Lance Wallnau is a key promoter of the seven mountains mandate

Many Christians will recognise the term ‘spiritual warfare’ but not necessarily understand how it is being used in some parts of the world, especially the global South; often tacitly encouraging violence and destruction, particularly against indigenous people and beliefs and, sadly, often led by other indigenous people who have themselves converted. In Guatemala, there have been a spate of murders of traditional priests and medicine men. As one Mayan priest explains it, they’ve come to learn that spiritual warfare is about doing Christianity – and doing it against indigenous people. Papua New Guinea’s speaker of parliament attempted to “purify and sanctify” Parliament House “by destroying special carvings”. These symbolised the country’s traditional culture, but for some Christians, they represented the presence of the demonic. Meanwhile, the conversion of aboriginal Australians has seen a young Tongan preacher encouraging her followers to set fire to sacred artefacts that represented “Satan and his demonic beings”.

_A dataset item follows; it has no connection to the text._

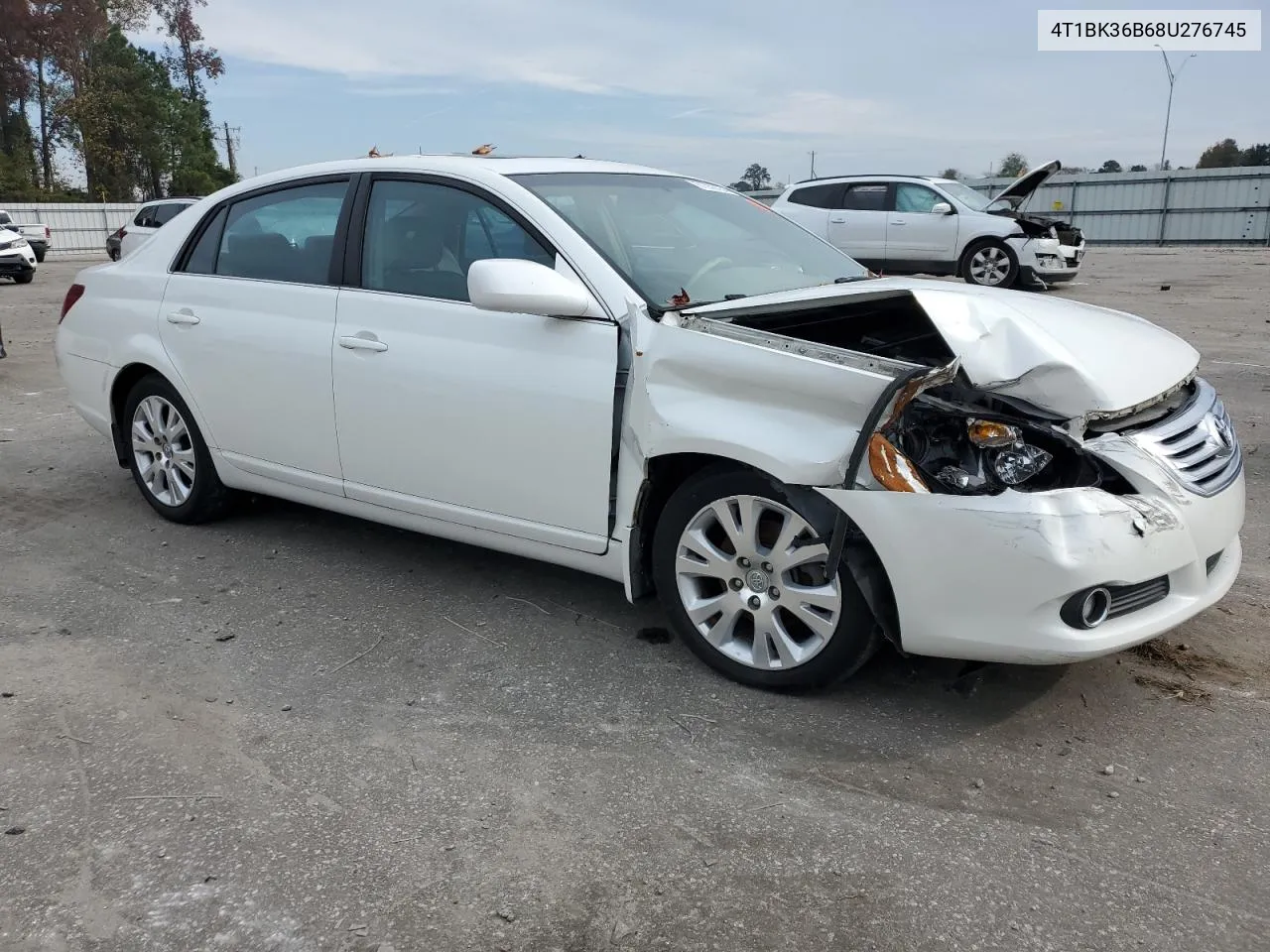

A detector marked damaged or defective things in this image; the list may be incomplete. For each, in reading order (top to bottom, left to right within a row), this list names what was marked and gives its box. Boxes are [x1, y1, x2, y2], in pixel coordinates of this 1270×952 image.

From its earliest days in Azusa Street, Pentecostals have had an uncanny ability to tell two stories at once and this holds true today. It’s a faith that lifts people up, while also being biblically fundamentalist and ultimately at odds with a pluralistic, democratic society. These two stories are why I believe it’s growing at such a rapid pace: good people horribly let down by secular, liberal promises turning to God to improve this life, and dangerous political operatives looking to assert Christian dominion – by force if necessary. The Pentecostal promise is one of a victorious life, both here and now, and ever after.